現在は授業料に教科書料金を自動的に含める場合が多くあり、学生がより安い教科書やオープンソースの無料の教科書を使って費用を抑えることを困難にしているという。このため、授業料に教科書料金を含めるには、学生からの承認を必要とする規則を制定する。なお、バイデン政権はこれまでもオープン教科書パイロットプログラムとして、教育機関が無料教科書やその他のオープンソースのコース教材を作成・使用した場合に助成金を提供する措置を行っており、2025年度予算教書にもこのための費用が盛り込まれている。

(4)学生ミール(食事)プランの残金返金

学生ミールプランのうち、学生が使用しきれなかった料金は現在、教育機関が収納しているが、学生への返還を義務付ける規則を制定する(注)。

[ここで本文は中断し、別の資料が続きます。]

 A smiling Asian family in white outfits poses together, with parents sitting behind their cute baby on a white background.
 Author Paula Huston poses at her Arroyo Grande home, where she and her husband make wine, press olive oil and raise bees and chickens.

(注)学生は多くの場合、教育機関からミールプランを購入する必要がある。各機関は財政援助資金をミールプランの費用に充当することができる。これを、各機関はキャンパス内の食料品店やフードコートでの出費を賄うために現金のように使用できる。現在、教育機関は期間の終了時に未使用の資金を返還することなく、残りの資金を受け取ることができる。